Messages were now paginated. I implemented that a month ago. During my day job, I had run into a similar problem: I want to paginate X resource, but I can only retrieve it after joining with Y data. For me, X was messages and Y was message groups. Here’ the solution I came up with:
The real difficulty was figuring out how to do it with Ecto since I didn’t want to have to change the pagination logic. I didn’t want to do it with raw SQL because then I would need to use each column to correlate with the correct data (which I had recently done with sqlalchemy). And the difficulty with Ecto, as noted in the comment, was figuring out how I could reuse the pagination logic. Using joins was pretty simple, and I think it would’ve easily solved this problem. But I wasn’t sure if it would mess with the pagination logic (I think I ran into some problems), so I used a CTE.
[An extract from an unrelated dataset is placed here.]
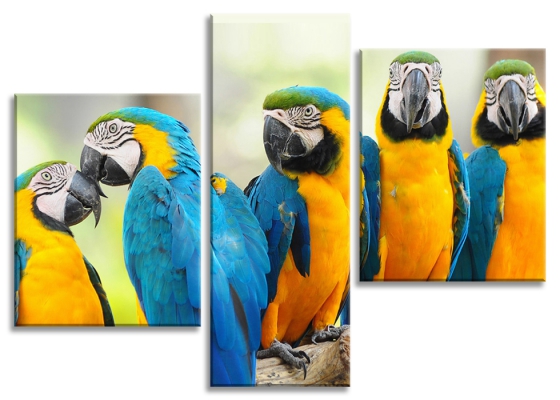 Картина Разноцветные попугаи из раздела Голуби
With retrieval and pagination solved, the new problem was inserting the data. Since I’m inserting several messages under one message group, I should use Repo.insert_all
, right? It makes sense. Well, there came to be a problem: I needed to retrieve each message with its message group because the client needed to know who the sender of the message was. I could encode the same sender on every message, but one of the rules of a SQL database club is this: you don’t repeat data unnecessarily.
You might think: “but can’t you retrieve the message group after calling Repo.insert_all
? That’s what I thought too, but no. You can’t. So instead I had to insert the records individually (Ecto at least handles that in one database transaction if you use Ecto.Multi
) and prepopulate the MessageGroup
as needed. For updates, it’s very similar. Except with inserts, you prepopulate before insertion, and with updates you do it after.
Storing Data Securely
Because I’m not a security expert, this is going to be brief. Messages are already encrypted when stored, so that wasn’t a problem. Storing the private and public keys securely, however, was a problem. How I got them into my database was because the WebCrypto API allows a public and private key to be exported to JSON. So I just added a table with those fields:
Some of those fields are marked as optional. It turns out the algorithm I used uses all those fields, but only for private keys. A few of those fields are absent on public keys. I could’ve made two tables, but I figured it was fine.
The other thing to note is that all the fields (minus a few) are marked as binary. That’s so I could use Cloak Ecto. The most of the key’s fields are encrypted when they are stored in the database then decrypted every time they’re retrieved. It adds overhead, but this way, no one can see the public/private keys even if they access the database.
What’s Next
Now that this is done, I am ready to deploy the application. I have to update the documentation and make a few tweaks, but this should be deployed hopefully within the next week.
There are a lot of features I would like to add, like socialization features, block lists, enhanced messages (such as images/videos), get email working correctly (for registering/changing passwords/password recovery/etc) and so much more. But those features will probably take awhile to implement since I don’t have a lot of extra time to work on this.